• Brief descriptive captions
------------------------------------------------------------------------
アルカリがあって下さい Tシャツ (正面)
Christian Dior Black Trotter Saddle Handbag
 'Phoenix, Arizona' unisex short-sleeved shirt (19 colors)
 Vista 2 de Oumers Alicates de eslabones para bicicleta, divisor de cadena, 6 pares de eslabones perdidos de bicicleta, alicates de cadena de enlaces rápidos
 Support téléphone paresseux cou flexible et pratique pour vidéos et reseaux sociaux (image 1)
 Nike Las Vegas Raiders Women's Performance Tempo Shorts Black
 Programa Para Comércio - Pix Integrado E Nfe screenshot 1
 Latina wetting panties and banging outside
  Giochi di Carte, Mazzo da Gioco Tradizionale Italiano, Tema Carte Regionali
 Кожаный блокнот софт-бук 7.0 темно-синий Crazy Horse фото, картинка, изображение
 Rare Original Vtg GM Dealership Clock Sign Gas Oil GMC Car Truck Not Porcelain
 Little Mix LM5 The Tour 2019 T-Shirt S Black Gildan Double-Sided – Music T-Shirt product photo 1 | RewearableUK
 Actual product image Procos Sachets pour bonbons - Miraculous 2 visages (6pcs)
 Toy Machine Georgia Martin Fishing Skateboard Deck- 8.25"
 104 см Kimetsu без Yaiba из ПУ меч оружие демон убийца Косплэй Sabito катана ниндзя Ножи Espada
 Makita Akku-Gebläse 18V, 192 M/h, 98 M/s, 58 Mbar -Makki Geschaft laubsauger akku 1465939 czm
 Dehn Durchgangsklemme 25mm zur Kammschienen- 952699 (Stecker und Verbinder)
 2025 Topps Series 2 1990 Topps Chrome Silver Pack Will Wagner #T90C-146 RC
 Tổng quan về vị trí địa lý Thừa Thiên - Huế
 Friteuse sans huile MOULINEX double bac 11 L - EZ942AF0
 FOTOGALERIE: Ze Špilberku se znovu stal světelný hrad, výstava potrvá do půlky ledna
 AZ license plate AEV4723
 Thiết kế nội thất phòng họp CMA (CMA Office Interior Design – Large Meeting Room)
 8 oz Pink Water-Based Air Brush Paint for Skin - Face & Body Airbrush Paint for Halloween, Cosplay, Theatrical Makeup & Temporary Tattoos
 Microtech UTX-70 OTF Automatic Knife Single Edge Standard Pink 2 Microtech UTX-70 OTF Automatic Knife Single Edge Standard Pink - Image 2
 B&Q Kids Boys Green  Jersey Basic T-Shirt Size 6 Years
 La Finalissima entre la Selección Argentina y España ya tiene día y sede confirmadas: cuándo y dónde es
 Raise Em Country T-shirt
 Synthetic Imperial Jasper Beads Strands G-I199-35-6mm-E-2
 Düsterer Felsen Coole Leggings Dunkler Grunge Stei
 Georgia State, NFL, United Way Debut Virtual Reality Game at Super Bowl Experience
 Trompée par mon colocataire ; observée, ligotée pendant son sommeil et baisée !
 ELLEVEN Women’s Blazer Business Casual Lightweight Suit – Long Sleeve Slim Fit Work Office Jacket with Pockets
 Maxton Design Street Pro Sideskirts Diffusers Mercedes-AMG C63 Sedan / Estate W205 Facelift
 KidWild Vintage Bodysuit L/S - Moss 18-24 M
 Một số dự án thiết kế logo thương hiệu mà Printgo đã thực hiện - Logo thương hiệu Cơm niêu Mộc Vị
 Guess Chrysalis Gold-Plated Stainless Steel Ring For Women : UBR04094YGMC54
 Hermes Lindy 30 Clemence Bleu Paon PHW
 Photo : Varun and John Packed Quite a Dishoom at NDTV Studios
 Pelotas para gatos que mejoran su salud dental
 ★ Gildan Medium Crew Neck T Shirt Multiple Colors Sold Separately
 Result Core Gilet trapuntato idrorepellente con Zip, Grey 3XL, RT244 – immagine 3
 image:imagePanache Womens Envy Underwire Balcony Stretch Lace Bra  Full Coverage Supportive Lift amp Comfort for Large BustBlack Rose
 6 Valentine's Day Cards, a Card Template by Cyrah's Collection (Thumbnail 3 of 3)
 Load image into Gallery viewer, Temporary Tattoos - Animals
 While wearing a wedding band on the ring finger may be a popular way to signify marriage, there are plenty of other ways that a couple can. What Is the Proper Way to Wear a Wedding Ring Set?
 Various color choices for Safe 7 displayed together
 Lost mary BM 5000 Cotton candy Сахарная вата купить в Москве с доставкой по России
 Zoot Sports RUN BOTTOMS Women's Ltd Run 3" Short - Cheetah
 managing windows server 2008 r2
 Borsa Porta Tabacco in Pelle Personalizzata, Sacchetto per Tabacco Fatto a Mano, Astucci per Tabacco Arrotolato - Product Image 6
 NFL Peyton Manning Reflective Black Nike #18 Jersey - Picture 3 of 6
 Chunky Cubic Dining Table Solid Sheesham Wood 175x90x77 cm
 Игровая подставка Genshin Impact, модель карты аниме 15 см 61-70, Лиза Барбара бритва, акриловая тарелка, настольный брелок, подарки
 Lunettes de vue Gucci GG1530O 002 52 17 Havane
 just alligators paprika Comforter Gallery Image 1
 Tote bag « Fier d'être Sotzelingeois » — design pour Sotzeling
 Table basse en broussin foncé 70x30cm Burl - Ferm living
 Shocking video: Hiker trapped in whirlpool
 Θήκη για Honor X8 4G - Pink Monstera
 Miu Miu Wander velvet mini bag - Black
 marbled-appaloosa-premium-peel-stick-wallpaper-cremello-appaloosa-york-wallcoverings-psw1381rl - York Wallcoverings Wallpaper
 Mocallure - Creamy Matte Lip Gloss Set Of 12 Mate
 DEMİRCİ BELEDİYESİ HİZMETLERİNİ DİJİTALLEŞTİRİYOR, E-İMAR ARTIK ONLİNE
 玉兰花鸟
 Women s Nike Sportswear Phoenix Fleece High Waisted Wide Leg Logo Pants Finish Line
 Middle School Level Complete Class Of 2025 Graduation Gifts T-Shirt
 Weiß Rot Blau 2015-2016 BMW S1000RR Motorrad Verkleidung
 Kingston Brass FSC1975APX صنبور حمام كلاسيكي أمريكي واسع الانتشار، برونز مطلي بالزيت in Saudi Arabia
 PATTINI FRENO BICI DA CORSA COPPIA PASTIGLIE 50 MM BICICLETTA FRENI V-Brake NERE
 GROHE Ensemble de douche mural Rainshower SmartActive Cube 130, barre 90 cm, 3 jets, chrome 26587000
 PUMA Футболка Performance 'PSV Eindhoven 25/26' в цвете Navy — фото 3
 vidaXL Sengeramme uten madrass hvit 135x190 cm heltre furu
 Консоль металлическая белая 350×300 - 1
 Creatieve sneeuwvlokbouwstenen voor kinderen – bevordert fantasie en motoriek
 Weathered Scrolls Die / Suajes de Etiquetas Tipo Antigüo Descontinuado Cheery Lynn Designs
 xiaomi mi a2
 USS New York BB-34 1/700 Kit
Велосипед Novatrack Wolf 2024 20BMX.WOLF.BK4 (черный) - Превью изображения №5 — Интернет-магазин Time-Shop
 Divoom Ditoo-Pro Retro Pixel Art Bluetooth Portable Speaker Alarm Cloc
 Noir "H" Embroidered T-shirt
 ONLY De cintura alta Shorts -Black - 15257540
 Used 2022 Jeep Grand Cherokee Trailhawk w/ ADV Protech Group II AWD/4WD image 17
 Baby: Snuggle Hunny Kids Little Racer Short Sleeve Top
------------------------------------------------------------------------
• Task prompt
An exact transcription of the entries is needed, complete to the final line.

• Final answer
アルカリがあって下さい Tシャツ (正面)
Christian Dior Black Trotter Saddle Handbag
 'Phoenix, Arizona' unisex short-sleeved shirt (19 colors)
 Vista 2 de Oumers Alicates de eslabones para bicicleta, divisor de cadena, 6 pares de eslabones perdidos de bicicleta, alicates de cadena de enlaces rápidos
 Support téléphone paresseux cou flexible et pratique pour vidéos et reseaux sociaux (image 1)
 Nike Las Vegas Raiders Women's Performance Tempo Shorts Black
 Programa Para Comércio - Pix Integrado E Nfe screenshot 1
 Latina wetting panties and banging outside
  Giochi di Carte, Mazzo da Gioco Tradizionale Italiano, Tema Carte Regionali
 Кожаный блокнот софт-бук 7.0 темно-синий Crazy Horse фото, картинка, изображение
 Rare Original Vtg GM Dealership Clock Sign Gas Oil GMC Car Truck Not Porcelain
 Little Mix LM5 The Tour 2019 T-Shirt S Black Gildan Double-Sided – Music T-Shirt product photo 1 | RewearableUK
 Actual product image Procos Sachets pour bonbons - Miraculous 2 visages (6pcs)
 Toy Machine Georgia Martin Fishing Skateboard Deck- 8.25"
 104 см Kimetsu без Yaiba из ПУ меч оружие демон убийца Косплэй Sabito катана ниндзя Ножи Espada
 Makita Akku-Gebläse 18V, 192 M/h, 98 M/s, 58 Mbar -Makki Geschaft laubsauger akku 1465939 czm
 Dehn Durchgangsklemme 25mm zur Kammschienen- 952699 (Stecker und Verbinder)
 2025 Topps Series 2 1990 Topps Chrome Silver Pack Will Wagner #T90C-146 RC
 Tổng quan về vị trí địa lý Thừa Thiên - Huế
 Friteuse sans huile MOULINEX double bac 11 L - EZ942AF0
 FOTOGALERIE: Ze Špilberku se znovu stal světelný hrad, výstava potrvá do půlky ledna
 AZ license plate AEV4723
 Thiết kế nội thất phòng họp CMA (CMA Office Interior Design – Large Meeting Room)
 8 oz Pink Water-Based Air Brush Paint for Skin - Face & Body Airbrush Paint for Halloween, Cosplay, Theatrical Makeup & Temporary Tattoos
 Microtech UTX-70 OTF Automatic Knife Single Edge Standard Pink 2 Microtech UTX-70 OTF Automatic Knife Single Edge Standard Pink - Image 2
 B&Q Kids Boys Green  Jersey Basic T-Shirt Size 6 Years
 La Finalissima entre la Selección Argentina y España ya tiene día y sede confirmadas: cuándo y dónde es
 Raise Em Country T-shirt
 Synthetic Imperial Jasper Beads Strands G-I199-35-6mm-E-2
 Düsterer Felsen Coole Leggings Dunkler Grunge Stei
 Georgia State, NFL, United Way Debut Virtual Reality Game at Super Bowl Experience
 Trompée par mon colocataire ; observée, ligotée pendant son sommeil et baisée !
 ELLEVEN Women’s Blazer Business Casual Lightweight Suit – Long Sleeve Slim Fit Work Office Jacket with Pockets
 Maxton Design Street Pro Sideskirts Diffusers Mercedes-AMG C63 Sedan / Estate W205 Facelift
 KidWild Vintage Bodysuit L/S - Moss 18-24 M
 Một số dự án thiết kế logo thương hiệu mà Printgo đã thực hiện - Logo thương hiệu Cơm niêu Mộc Vị
 Guess Chrysalis Gold-Plated Stainless Steel Ring For Women : UBR04094YGMC54
 Hermes Lindy 30 Clemence Bleu Paon PHW
 Photo : Varun and John Packed Quite a Dishoom at NDTV Studios
 Pelotas para gatos que mejoran su salud dental
 ★ Gildan Medium Crew Neck T Shirt Multiple Colors Sold Separately
 Result Core Gilet trapuntato idrorepellente con Zip, Grey 3XL, RT244 – immagine 3
 image:imagePanache Womens Envy Underwire Balcony Stretch Lace Bra  Full Coverage Supportive Lift amp Comfort for Large BustBlack Rose
 6 Valentine's Day Cards, a Card Template by Cyrah's Collection (Thumbnail 3 of 3)
 Load image into Gallery viewer, Temporary Tattoos - Animals
 While wearing a wedding band on the ring finger may be a popular way to signify marriage, there are plenty of other ways that a couple can. What Is the Proper Way to Wear a Wedding Ring Set?
 Various color choices for Safe 7 displayed together
 Lost mary BM 5000 Cotton candy Сахарная вата купить в Москве с доставкой по России
 Zoot Sports RUN BOTTOMS Women's Ltd Run 3" Short - Cheetah
 managing windows server 2008 r2
 Borsa Porta Tabacco in Pelle Personalizzata, Sacchetto per Tabacco Fatto a Mano, Astucci per Tabacco Arrotolato - Product Image 6
 NFL Peyton Manning Reflective Black Nike #18 Jersey - Picture 3 of 6
 Chunky Cubic Dining Table Solid Sheesham Wood 175x90x77 cm
 Игровая подставка Genshin Impact, модель карты аниме 15 см 61-70, Лиза Барбара бритва, акриловая тарелка, настольный брелок, подарки
 Lunettes de vue Gucci GG1530O 002 52 17 Havane
 just alligators paprika Comforter Gallery Image 1
 Tote bag « Fier d'être Sotzelingeois » — design pour Sotzeling
 Table basse en broussin foncé 70x30cm Burl - Ferm living
 Shocking video: Hiker trapped in whirlpool
 Θήκη για Honor X8 4G - Pink Monstera
 Miu Miu Wander velvet mini bag - Black
 marbled-appaloosa-premium-peel-stick-wallpaper-cremello-appaloosa-york-wallcoverings-psw1381rl - York Wallcoverings Wallpaper
 Mocallure - Creamy Matte Lip Gloss Set Of 12 Mate
 DEMİRCİ BELEDİYESİ HİZMETLERİNİ DİJİTALLEŞTİRİYOR, E-İMAR ARTIK ONLİNE
 玉兰花鸟
 Women s Nike Sportswear Phoenix Fleece High Waisted Wide Leg Logo Pants Finish Line
 Middle School Level Complete Class Of 2025 Graduation Gifts T-Shirt
 Weiß Rot Blau 2015-2016 BMW S1000RR Motorrad Verkleidung
 Kingston Brass FSC1975APX صنبور حمام كلاسيكي أمريكي واسع الانتشار، برونز مطلي بالزيت in Saudi Arabia
 PATTINI FRENO BICI DA CORSA COPPIA PASTIGLIE 50 MM BICICLETTA FRENI V-Brake NERE
 GROHE Ensemble de douche mural Rainshower SmartActive Cube 130, barre 90 cm, 3 jets, chrome 26587000
 PUMA Футболка Performance 'PSV Eindhoven 25/26' в цвете Navy — фото 3
 vidaXL Sengeramme uten madrass hvit 135x190 cm heltre furu
 Консоль металлическая белая 350×300 - 1
 Creatieve sneeuwvlokbouwstenen voor kinderen – bevordert fantasie en motoriek
 Weathered Scrolls Die / Suajes de Etiquetas Tipo Antigüo Descontinuado Cheery Lynn Designs
 xiaomi mi a2
 USS New York BB-34 1/700 Kit
Велосипед Novatrack Wolf 2024 20BMX.WOLF.BK4 (черный) - Превью изображения №5 — Интернет-магазин Time-Shop
 Divoom Ditoo-Pro Retro Pixel Art Bluetooth Portable Speaker Alarm Cloc
 Noir "H" Embroidered T-shirt
 ONLY De cintura alta Shorts -Black - 15257540
 Used 2022 Jeep Grand Cherokee Trailhawk w/ ADV Protech Group II AWD/4WD image 17
 Baby: Snuggle Hunny Kids Little Racer Short Sleeve Top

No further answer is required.